4. Discuss potential effects of deprivation or trauma in childhood on later development
Healthy development is influenced by factors such as access to loving caregivers, adequate nutrition, sensory and cognitive stimulation, and linguistic input.
A child reared in a severely deprived setting will not experience such factors and this can affect the child’s development negatively.
- Deprivation in childhood can be seen as living in a state of various forms of neglect to provide basic needs – physical, emotional, or social. Deprivation is often related to institutionalization, growing up in poverty, and parental problems (e.g. alcoholism or mental illness.
- Trauma in childhood can be seen as experiencing a powerful shock (e.g. divorce, death of a parent, physical or sexual abuse, natural disasters, or war. Such experiences may have long-lasting effects on development.
- It is not possible to make a clear-cut distinction between effects of deprivation or trauma: they are much the same.
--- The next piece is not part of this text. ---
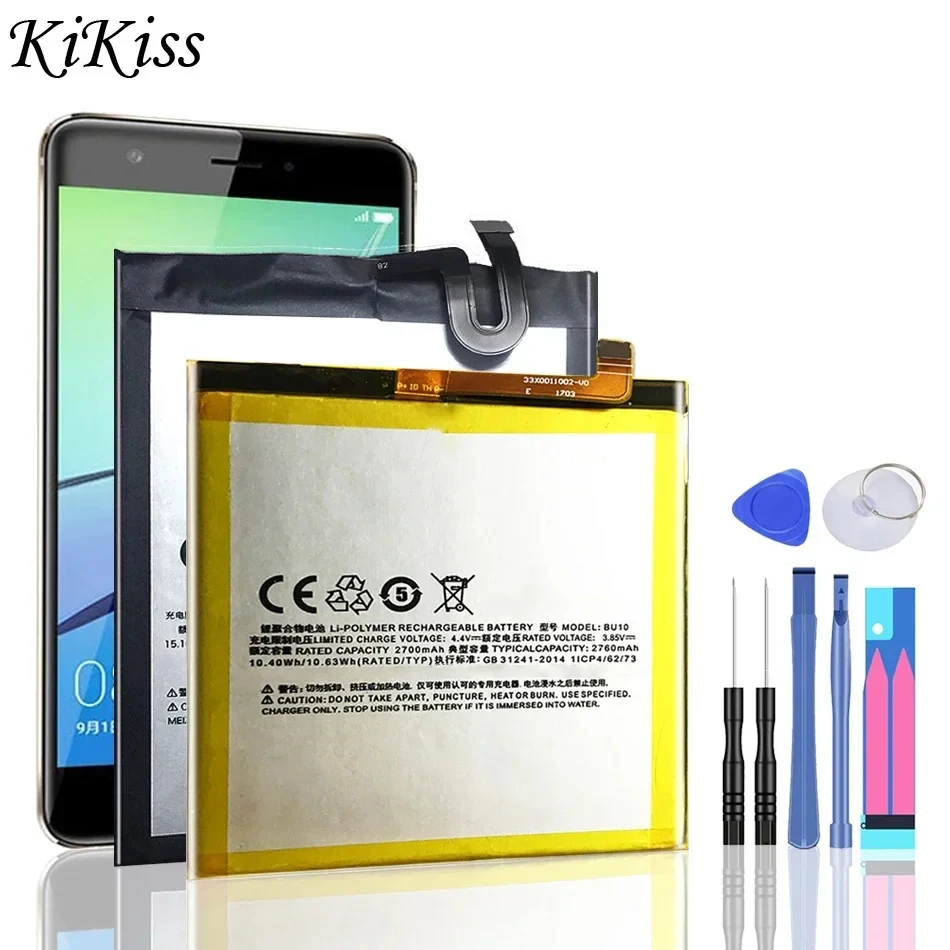 Аккумулятор для Meizu M3 M5 M6 Note 5, батарея BT61 L681H L681Q L681M M681H M681Q M681M, батарея для Meizu M1 M2 M3 M3S M5S M5C mini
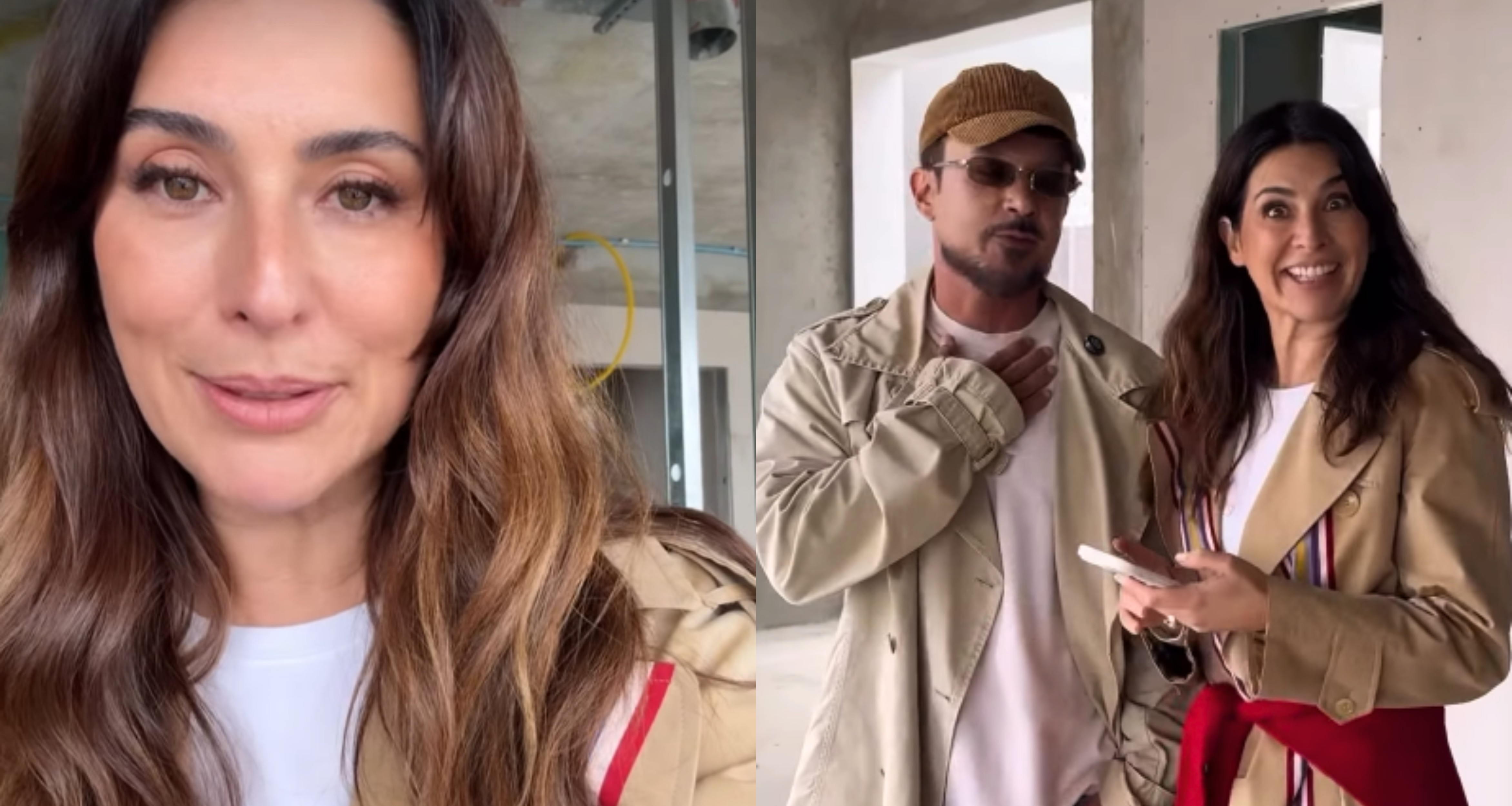 Fernanda Paes Leme entra pela 1ª vez em cobertura que comprou em São Paulo; veja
Experiences of deprivation can also be traumatizing for the child.
First let’s look at Trauma
Potential effect of trauma: PTSD
Children who have experienced severe and repeated trauma may develop post-traumatic stress disorder (PTSD), which could interfere with normal development. If left untreated children may exhibit impulsivity, agitation, hyper-vigilance, avoidance behavior, and emotional numbness.
Carion et al. (2009) performed fMRI scans and found that children suffering from PTSD after experiencing extreme stressors such as abuse or witnessing violence performed worse on a simple verbal memory test and showed less hippocampal activity compared to a control group. The participants who performed worst on the test were those who also showed specific PTSD symptoms such as withdrawal from those who wanted to help them. They also had difficulties remembering the trauma, felt cut off from others, and showed lack of emotion.
Yehuda et al. (2001) studied the mental health of 51 children of Holocaust survivors who were raised by traumatized parents and made comparisons to a control group. The mean age of the sample was 40.9 years. The results showed that children of Holocaust survivors were more likely to develop PTSD (33.3 % compared to 12.2% in the control group). Childhood trauma was associated with parental PTSD and the results indicate that PTSD can be transmitted from parent to child.
Now let’s look at Deprivation
Potential effects of deprivation: cognitive impairment and attachment disorder
The English and Romanian adoptees study
This is a longitudinal study of 324 Romanian adoptees that entered the UK between February 1990 and September 1992. The aim was to investigate potential long-term effects of severe deprivation in childhood. All the children had been reared from infancy in very deprived institutions in Romania and adopted into UK families at various ages up to 42 months.
Rutter et al. (2004) investigated a sample of 144 children who were, at that time, six years of age. The parents were interviewed at home and answered questionnaires on the family and the child’s behavior. Three months later the child was assessed using observations and standard cognitive and developmental measures including tests on general cognitive functioning and attachment behavior. The focus was on cognitive impairment and attachment disturbance in children who had spent more than six months in the institutions. The study found no major deficits in children who had spent less than six months there.
- Cognitive impairment was found in 15.4% of the adoptees from Romania but in only 2.3% of the adoptees from the UK.
- There was a persistent cognitive deficit at age six in the children who remained longest in the deprived Romanian institutions before being adopted. This was particularly the case for those children who had also suffered from severe malnutrition.
- These children also had a much smaller head circumference at the time they entered the UK and this could also be observed at age six. This could suggest neural damage.
- Cognitive functioning of the kids were not related to the educational levels of the adoptive parents.
- Data was collected in semi-structured interviews with parents to assess the child’s behavior toward the parent and other adults in both novel and familiar situations.
- There was a relationship between length of institutional deprivation and attachment disorders. No significant deficits were found in the children who entered the UK below the age of six months.
- A number of children showed an insecure attachment pattern called disinhibited attachment disorder or Reactive Attachment Disorder characterized by:
- lack of preference for contact with caregivers versus relative strangers (i.e. lack of differentiation among adults)
- definite lack of checking back with the parent in anxiety provoking situations.
- According to Rutter et al. (2004) a lack of personalized caregiving may well be the key factor that puts children’s social development at risk. This is in line with Bowlby (1969) who argued that emotionally available caregiving is a crucial factor in determining a child’s development and future mental health
- Generally the data revealed a major degree of recovery in children suffering from profound institutional deprivation: the effects were not fixed and irreversible.